It was for one of those economists McCarthy offered his editorial services in 1996, maybe for the first time. W. Brian Arthur was a fellow at the institute and had written an article on a new theory called increasing returns for Harvard Business Review. Arthur sent a draft to McCarthy and later called to see what he thought.
“Would you be interested in some editing help on that?” McCarthy responded. Arthur said yes, and the pair spent four days reworking the piece the next time they were together.
“He took apart every single sentence, deleted every comma he could find,” Arthur told Rick Tetzeli at Fast Company, adding,
The word got back to my editor at Harvard Business Review. She called me up, in a slight panic, and says, “I heard your article’s getting completely rewritten.” And I said, “Yeah!” She says, “By Cormac McCarthy? What did he do to it?” And I said, “Oh, well, you know, pretty much what you’d expect. It now starts out with two guys on horseback in Texas, and they go off and discover increasing returns.” And for a couple of seconds she was aghast.

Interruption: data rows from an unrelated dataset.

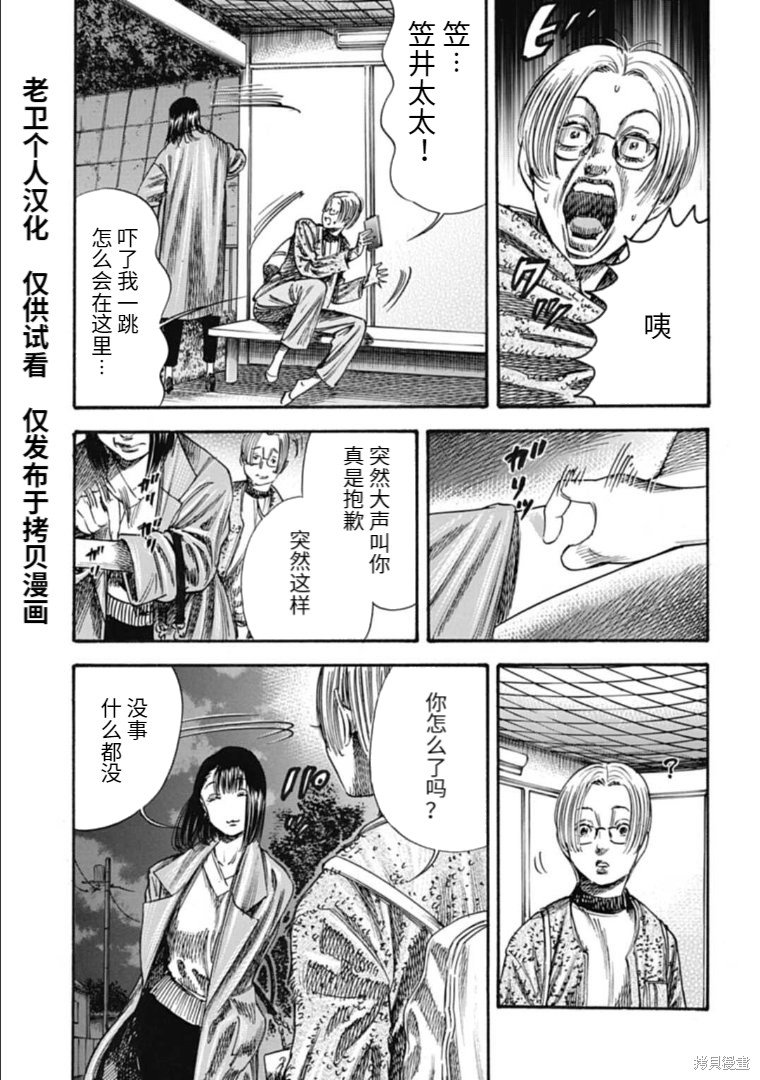 第36.2话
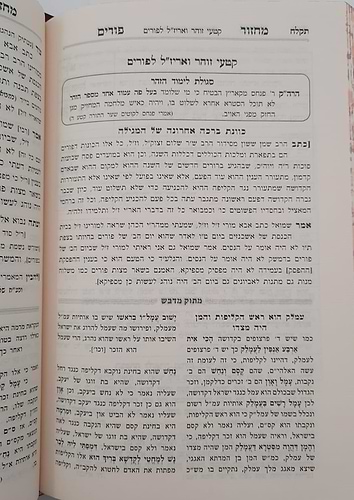 מחזור מתוק מדבש לפורים - נוסח ספרד / הרב דניאל פריש זצוק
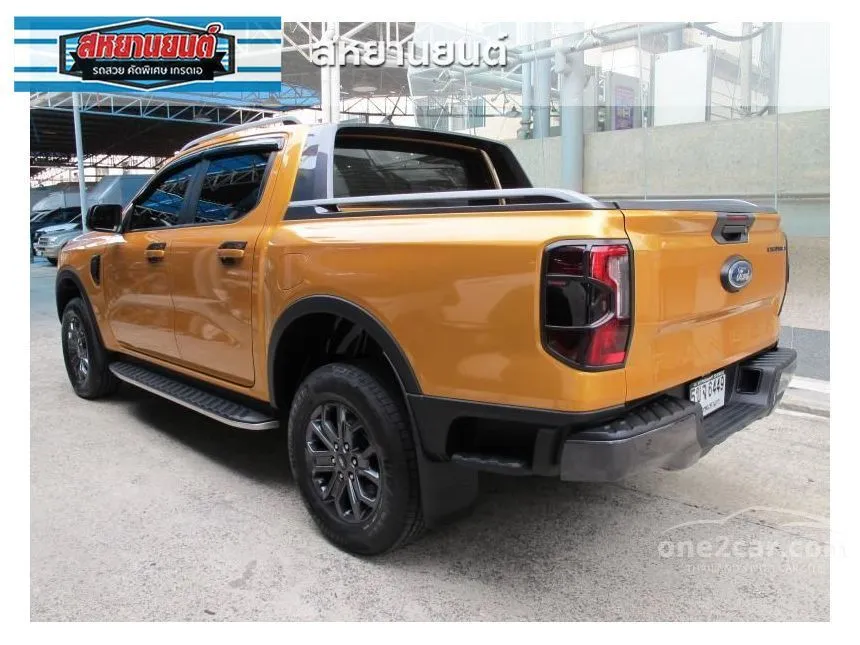 2024 Ford RANGER WildTrak Double Cab Hi-Rider Pickup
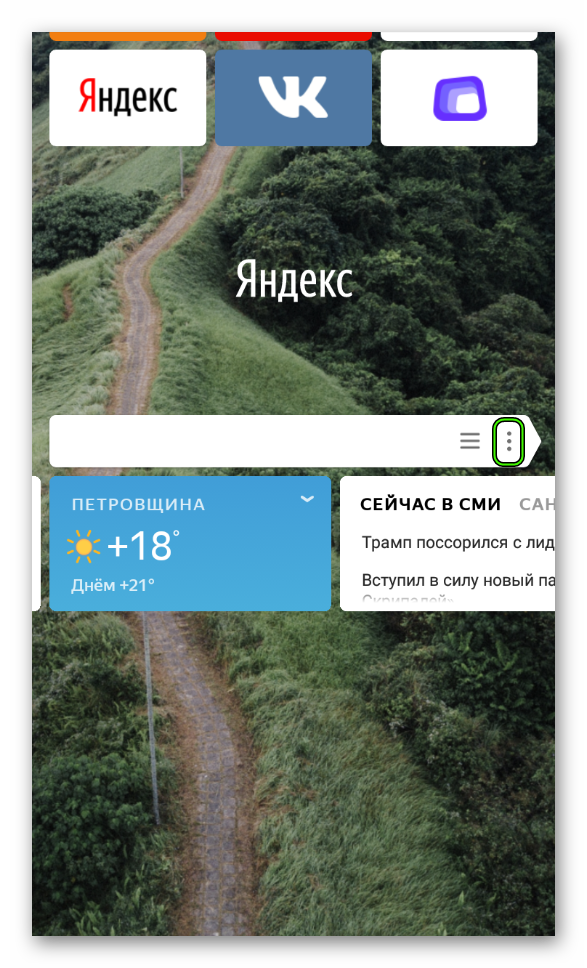 Значок для вызова меню в приложении Яндекс.Браузера для Android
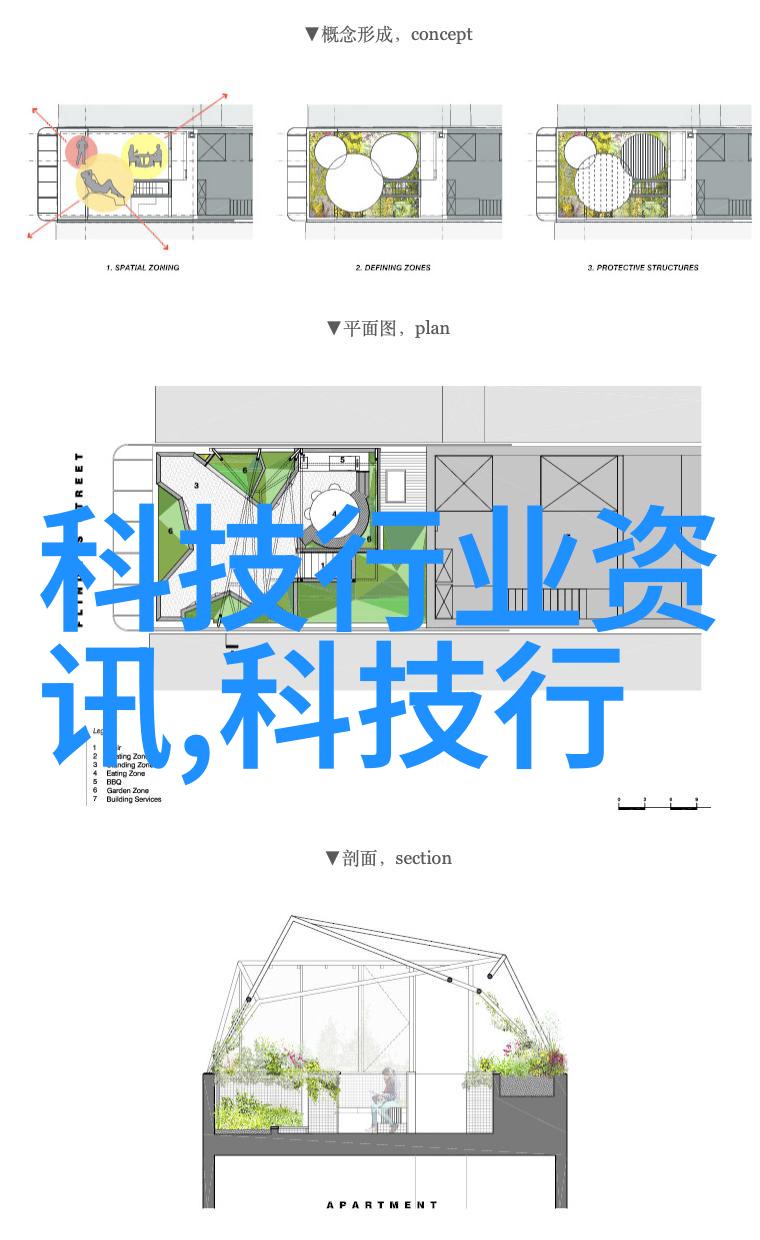 家用中药萃取机咱们来点药香回家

Of course, Arthur only teased. McCarthy helped the economist better state his case, and the article went on to become one of the most influential the Review ever published. “The theory of increasing returns is as important as ever,” says Tetzeli. “It’s at the heart of the success of companies such as Google, Facebook, Uber, Amazon, and Airbnb.”
Smoothing the Prose
McCarthy continued to edit papers and books for scientists orbiting around the institute for the next couple of decades. When McCarthy heard about theoretical physicist Lisa Randall‘s first book, Warped Passages, then only in manuscript, he asked to read a draft. For an author who banged out almost everything he ever wrote on a typewriter, McCarthy naturally worked in hard copy.
“I got the manuscript back in the mail, and it was marked up on every page,” Randall told Rolling Stone writer David Kushner. “He read everything. He essentially copy edited it, getting rid of some of my semicolons, which he really didn’t like.” McCarthy noted all the offending marks in the margins; from there Randall purged them. And McCarthy gored other glyphs as well.
“Apparently exclamation points are only for exclamations!” Randall told Jennifer Schuessler, a New York Times reporter intrigued to hear McCarthy had edited the book. “He really smoothed the prose.” Warped Passages became a bestseller.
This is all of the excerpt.